Dans un rapport, le ministère de la transition écologique et le ministère de l'agriuculture livrent leurs prescriptions pour mettre fin à l'engrillagement de la Sologne.
C'est un problème qui se posait déjà en 1991. Cette année-là, le syndicat mixte de la Sologne évoque formellement le problème des clôtures1, un phénomène que l'on appelle aujourd'hui "engrillagement". Les clôtures, relèvent le syndicat "constituent un problème envers la circulation du grand gibier ; enlaidissent le paysage et nuisent à l’image de la Sologne et son développement touristique", entre autres.
1 Source : rapport ministériel "L'engrillagement en Sologne, synthèse des effets et propositions"
Pourtant, près de 30 ans plus tard, force est de constater que l'alerte n'a rien donné. Raymond Louis, de l'association Les amis des chemins de Sologne, le constatait encore en août 2018, devant des grilles posées à même le sol d'un chemin communal. "On voit ça couramment sur cette propriété. On va aller voir plus loin, mais en se méfiant (...). On pourrait des fois prendre une balle, parce que de l'instant où ils mettent ça, ils se servent du chemin de commune comme allée de tir".
La chasse, le nerf de la guerre
Car c'est bien le coeur du problème : la chasse. Avec ses 100 000 km2 , la Sologne est une terre historique pour les chasseurs. A tel point que les propriéraires terriens mettent en place des clôtures dans le but de piéger les animaux. Plus de 3000km de grillage ont poussé partout dans la région, surtout posés par des grands patrons du CAC40. Pas facile de s'attaquer à ce nid de pouvoir et de conflits d'intérêts2.

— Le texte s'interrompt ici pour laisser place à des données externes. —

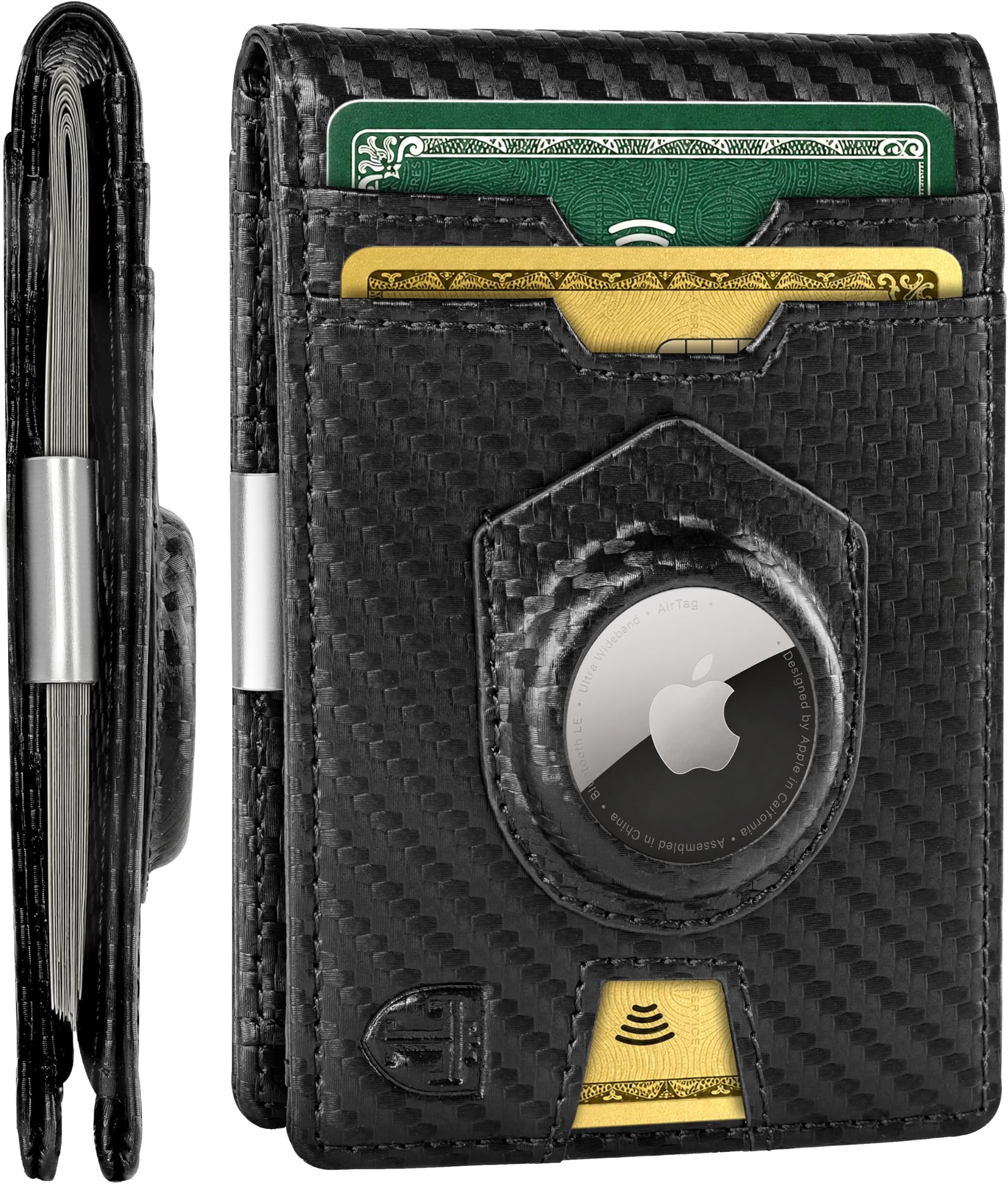 AirTag* Wallet Mens Wallet with Money Clip Air Tag Wallet Card Holder RFID Blocking Bifold Gifts for Men, Carbon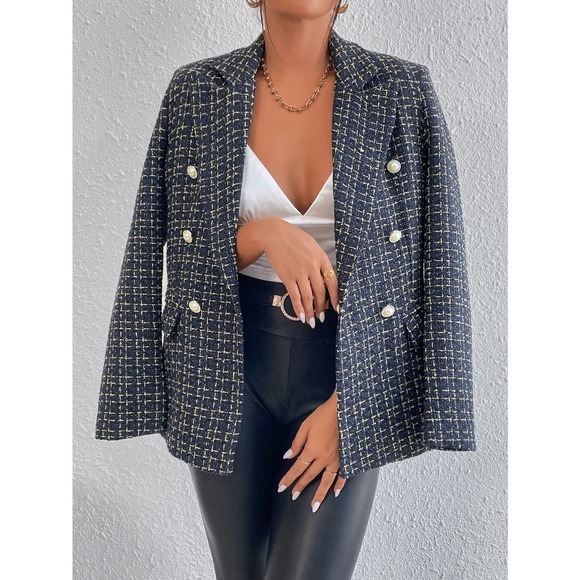 business plazacore tweed Plaid Print Double Breasted Blazer jacket - Picture 8 of 11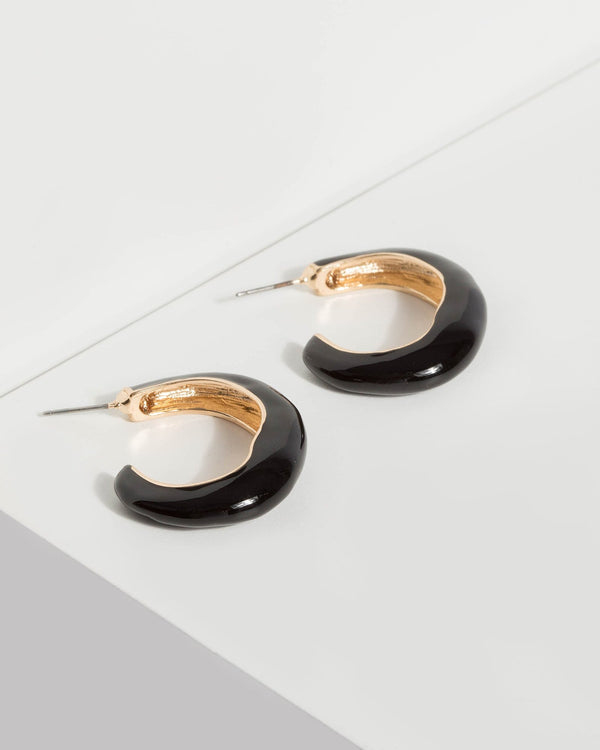 Black Painted Hoop Earrings | Earrings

2 Source : La Sologne engrillagée - enquête de Corinne Banrosa, Pierre-Dominique Lepais, Céline Girardeau. Documentaire ci-dessus.
Mais le gouvernement a décidé d'intervenir. Dans un rapport, présenté le 4 décembre, les ministères de la Transition écologique et de l'Agriculture viennent en renfort du préfet de la région. Le document aborde la question de l'engrillagement comme une "atteinte à l'identité de la Sologne".
Les auteurs balaient également l'argument du droit de propriété. "Contrairement à ce qui peut parfois être allégué, le droit de se clore n'est pas un droit absolu. Les principes et les modalités de la clôture ne sont pas à la discrétion du propriétaire." Certaines clôtures, estiment les ministères, "constituent un abus de droit touchant aux libertés fondamentales."
Un coup au porte-monnaie
Alors, les autorités tapent cette fois du poing sur la table. Le rapport de Dominique Stevens et Michel Reffay formule un ensemble de recommandations destinées à couper l'herbe sous le pied des chasseurs les moins scrupuleux.
- Interdire toute introduction de grand gibier dans l’espace naturel
- Etendre le droit commun de la chasse à l’ensemble des territoires chassés, y compris les enclos
- Permettre aux agents habilités de contrôler tout l’espace naturel, y compris les enclos
- Interdire toute forme d’agrainage ou d’affouragement en tout lieu de l’espace naturel (techniques visant à attirer les animaux à un endroit donné avec des graines et des baies, ndlr)
- Interdire la chasse dans les enclos hermétiques
- Raffermir la lutte contre les poses illégales de grillages, notamment les nasses à gibier
- Rendre obligatoire, dans le schéma régional d’aménagement du territoire, les conditions de construction des clôtures, en imposant notamment leur déclaration préalable
- Augmenter la fiscalité foncière et immobilière dans les espaces hermétiquement engrillagés
- Créer un label "Chasse naturelle de Sologne"
En frappant dans le porte-monnaie, ces mesures se veulent très dissuasives. L'interdiction de la chasse dans les espaces hérmétiques était d'ailleurs une mesure souhaitée par le réalisateur et fervent défenseur de la Sologne Nicolas Vanier. Interrogé par la République du Centre, le 15 novembre, il estimait qu'il s'agissait là de "la solution la plus efficace, testée avec un immense succès en Wallonie".